Korean cities are dense. NY dense. Buildings generally go up instead of out. Shops on the base floors, but also a lot of commercial buildings with 5+ levels of shops.

You generally don't have to walk more than a mile in any direction to get anything you need at any hour of the day, even in smaller satellite cities. There's usually at least a corner shop or two within a few hundred feet of your apartment entrance.

Subways are generally within a 10~15 minute walk. That connects you to anywhere in the greater Seoul area. Cabs are plentiful, you can hail one down on any major street in minutes if not seconds if you're in a hurry. The cities are designed around walking.
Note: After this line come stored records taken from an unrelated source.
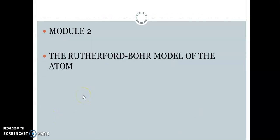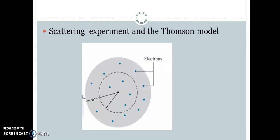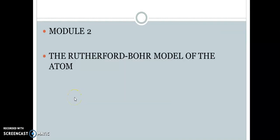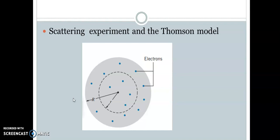We were discussing the Rutherford-Bohr model of the atom. Before going to this model, we discuss what experiment led to the Rutherford-Bohr model — the scattering experiment by Rutherford. Before that, we also discuss the model that was there just before the Rutherford model. The early model of the structure of the atom was proposed by J.J. Thomson in the year 1904.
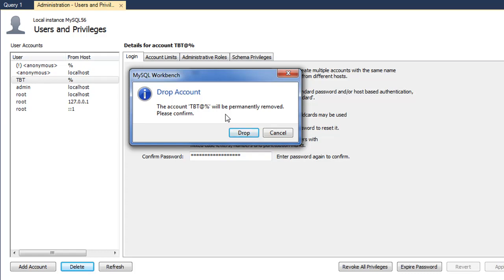You have to be careful while adding and removing users, particularly while adding users, because you don't want to give people unnecessary access to certain databases that you have.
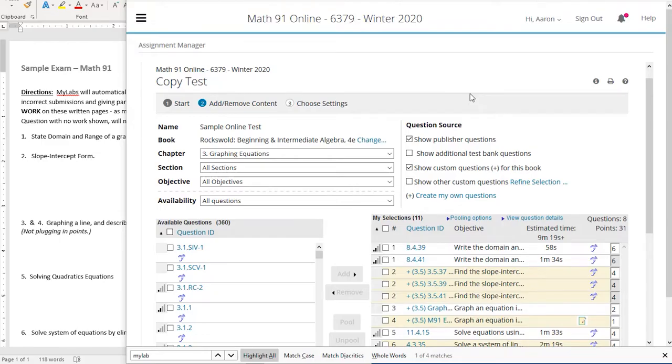Hello my name is Aaron Warnock and I'm a math faculty advisor for Pearson in the western half of the United States. Over the last few weeks one of the main questions we've been getting is about online testing. So I wanted to share some strategies that I used in my final exam.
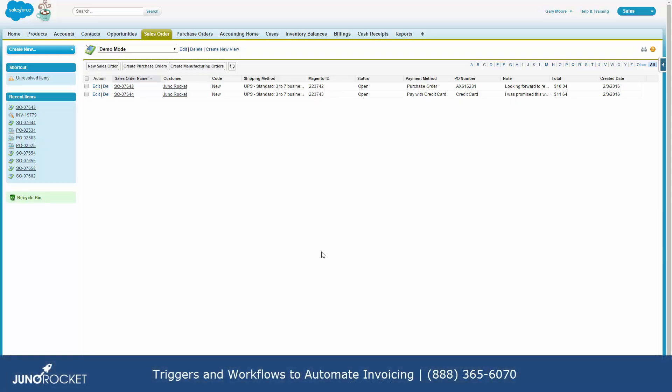Triggers and workflow automations are one of the greatest assets of Salesforce. In this instance, we have AccountingSeed installed into Salesforce and we're going to look at a sales order and the invoicing process as it pertains to an order that was filled and shipped and the automation that we've implemented for sending the accounts payable person at your customer location the invoice that they need in order to pay you.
Wide sidewalks, overpasses everywhere, and the density makes it so anywhere you go feels a bit like walking in an outdoor shopping mall would in the US. You can't walk more than a quarter mile without hitting another cluster of shops.
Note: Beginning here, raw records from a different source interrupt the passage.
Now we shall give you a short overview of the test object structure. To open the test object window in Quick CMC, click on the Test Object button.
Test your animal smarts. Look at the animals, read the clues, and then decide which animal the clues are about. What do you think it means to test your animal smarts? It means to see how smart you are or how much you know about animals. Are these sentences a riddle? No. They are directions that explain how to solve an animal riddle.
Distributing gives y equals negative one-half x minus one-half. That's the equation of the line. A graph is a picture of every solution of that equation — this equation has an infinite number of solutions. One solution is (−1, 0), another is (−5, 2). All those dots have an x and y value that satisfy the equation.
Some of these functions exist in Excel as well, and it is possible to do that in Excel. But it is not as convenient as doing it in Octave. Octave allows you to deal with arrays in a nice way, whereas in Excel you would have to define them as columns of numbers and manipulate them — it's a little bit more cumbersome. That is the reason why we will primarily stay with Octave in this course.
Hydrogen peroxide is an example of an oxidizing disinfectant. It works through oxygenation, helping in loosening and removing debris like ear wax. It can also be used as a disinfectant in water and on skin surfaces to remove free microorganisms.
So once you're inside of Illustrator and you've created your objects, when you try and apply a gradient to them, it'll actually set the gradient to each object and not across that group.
The area I lived in probably had a 100+ shops in a 2 mile(?) radius and it was a smaller city in the outskirts of Seoul called Buchun. Everything from smaller corner stores to chain restaurants & Korean versions of multi-story Walmart/Costco etc. I'm guesstimating a bit, but I never walked longer than 30 minutes to get to anything I needed.

Sure, you can drive, but walking works just fine. No one NEEDS a car if you live in a city in Korea.
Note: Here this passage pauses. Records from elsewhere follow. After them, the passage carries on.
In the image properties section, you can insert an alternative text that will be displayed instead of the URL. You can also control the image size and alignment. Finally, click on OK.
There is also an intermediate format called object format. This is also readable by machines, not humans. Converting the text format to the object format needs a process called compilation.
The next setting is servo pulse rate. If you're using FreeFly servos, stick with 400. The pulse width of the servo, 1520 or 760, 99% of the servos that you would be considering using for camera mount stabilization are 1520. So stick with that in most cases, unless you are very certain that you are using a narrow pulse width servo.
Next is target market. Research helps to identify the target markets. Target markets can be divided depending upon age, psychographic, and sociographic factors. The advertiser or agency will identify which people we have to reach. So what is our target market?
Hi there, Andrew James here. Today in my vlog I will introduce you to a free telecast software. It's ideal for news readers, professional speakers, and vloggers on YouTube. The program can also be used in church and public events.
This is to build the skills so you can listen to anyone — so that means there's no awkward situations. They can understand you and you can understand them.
The high speed rails just complements all this infrastructure to connect the cities. We don't have any of the other stuff necessary to really make this work the same way. That last mile is the killer. If you need to drive to the rail, ride it, get off and find another car to your final destination, most folks would just opt to drive the whole way. Especially if you also factor in the return trip, or the need any degree of flexibility.

In the US, high speed rail would almost function like a plane. In Asia, it's more like... one part of a comprehensive public transportation system.

I live in Austin in one of the expensive areas considered to be 'walkable', but the closest bagel shop from my house is still a 10 minute walk away. If I want to get to the breakfast place I like, it's 20 minutes from my front door. Only thing I pass in between those two are a bunch of tattoos shops and I think a yoga studio, and some architect firm. Oh, I guess we have a few food trucks now too. They're usually closed in the mornings when I walk anywhere.

The rest of it is just houses. If I wanted to get to the downtown rail station, it's a 30 minute walk and I have to walk under the highway and get accosted by homeless folks on occasion. (Most of them are cool, there's a few that are not).

Oh, and there's no shade anywhere and it's Texas. Five months out of the year we hit 90~100+ degrees and you'd need a change of clothes by the time you get anywhere you're going.

American cities are just not designed for it. We have everything spaced too far apart.